India has made "no additional commitments" over similar agreements signed with the US and other countries, the Indian government insisted.
The Nuclear Cooperation Agreement, signed in the presence of Indian Prime Minister Narendra Modi and his Japanese counterpart Shinzo Abe in Tokyo on Friday, talks about 'Views and Understanding' wherein the Japanese side has quoted India's September 2008 declaration of unilateral moratorium on atomic tests and said if this commitment is violated, the deal will terminate, PTI reported.
"The termination clause is there in other NCAs (nuclear cooperation agreements) we have signed, including with the US (Article 14). However, the circumstances triggering a possible termination are never sharply defined. Consideration also has to be given to mitigating factors," a source told PTI.

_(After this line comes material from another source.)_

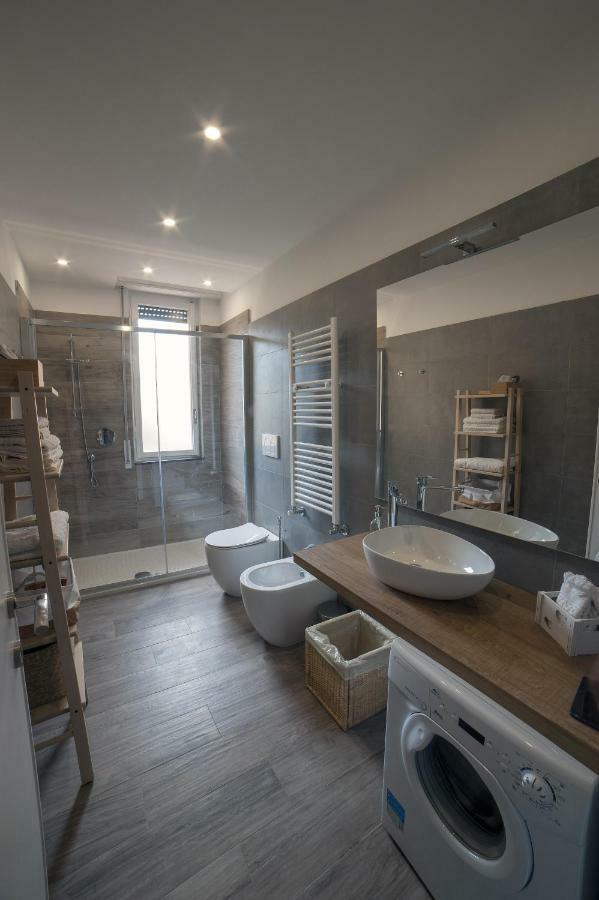 Il Grecale Apartment Recco Exterior foto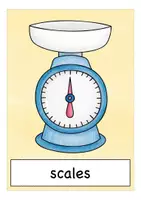 Vorschau - Poster - cooking and baking / food Englisch Bildkarten - Seite 1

Given Japan's special sensitivities as the only nation to have suffered a nuclear attack, "it was felt that their views should be recorded in a separate Note. The Note is a record by the negotiators of respective views on certain issues", the source added.
"It states, on the one hand, what could be Japan's views in advance on what is a hypothetical situation; that is their national prerogative. At the same time it also records India's position on the same issue, which is a reiteration of the September 2008 commitments. No change is envisaged from those commitments and no, repeat no, additional commitments have been made by India," PTI reported the source as saying.
According to the source, the nuclear agreement with Japan "follows the same template (as the US) but compresses the developments which have taken place since 2007. It reflects commitments which were made at the time of the NSG waiver in 2008, many of which were unilateral in nature."
Japan has made an exception by signing the atomic cooperation agreement with India, given that it is a non-signatory to the Nuclear Non-Proliferation Treaty (NPT).
India's foreign secretary S Jaishankar called the deal strikingly similar to atomic agreements India inked with the US and most of the other countries, with provisions like 'termination' clause.
"This agreement is a legal framework that India will act responsibly in peaceful uses of nuclear energy and also in Non-Proliferation regime even though India is not a participant or signatory of NPT," Abe had said after signing the deal.